Suburbs
The American Dream was redefined in the aftermath of World War II, thanks in large part to builders such as the Levitt family, who first developed six square miles of farmland in Long Island, New York into a new kind of planned community called Levittown. Suburbs like Levittown sprang up all over America, giving white working class families their first chance at homeownership while effectively excluding nonwhites from the same opportunity. This unit begins with the architecture of the 1950s suburbs and moves outward to the economic and sociological aspects of “white flight,” while also looking at how film and popular culture reflected contrasting images of cities and small towns in ways that propelled this “suburban revolution.”
The Sixties
Few decades were as turbulent or eventful as the 1960s. The struggle for African-American civil rights in the South led to the Black Power movement and served as the catalyst for rights movements by Latina/o, Asian, and Native Americans as well as women and LGBT Americans. Students demonstrated against the Vietnam War and the limits of free speech at American colleges and sought alternative forms of spirituality and community. All the while, musicians like Bob Dylan and Aretha Franklin turned popular culture into a mode of social commentary. In Amcon 202, we examine the 1960s from all these angles and more.
Citizenblog Project
Among the many ways the internet has transformed American culture in our own time is by turning ordinary citizens into journalists who use Twitter, youtube, and political blogs to disseminate information. In this project, students examine how information has been democratized by citizens who serve as witnesses to events and interpreters of issues. Students then become citizen journalists themselves, contributing regular posts throughout the term to a class-run “Citizenblog” site. They report on civic or political events happening on campus, in Northfield, or in their home towns, and contribute their voices to ongoing conversations on national and global issues.
American Empire?
The United States came into existence by liberating itself from the British empire and steering clear of many of the struggles among the warring empires of the 19th and early 20th centuries.
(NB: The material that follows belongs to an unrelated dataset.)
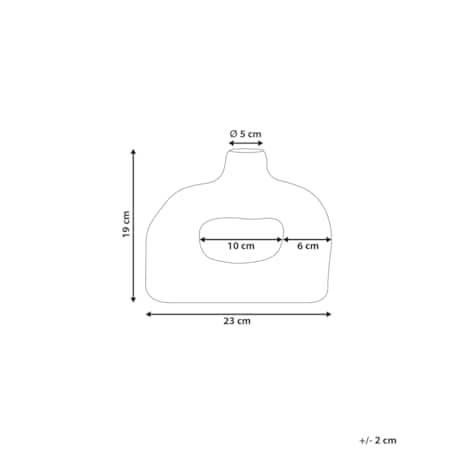 Kamionka Wazon na kwiaty 19 cm Biały MOONEYE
Yet many people abroad describe America’s economic, military and cultural power — exercised against Mexico and Native Americans in the 19th Century or in the Americas in the first decades of the 20th Century and throughout the globe after World War II — as “imperial” in its own right. In this unit, we study the origin and development of American global power and ask whether it is fitting to consider the United States a modern-day empire. We look at America’s overt and covert military activities of the 20th and 21st centuries, consider the reach of American corporations and popular culture, and ask what sort of world power the United States should be.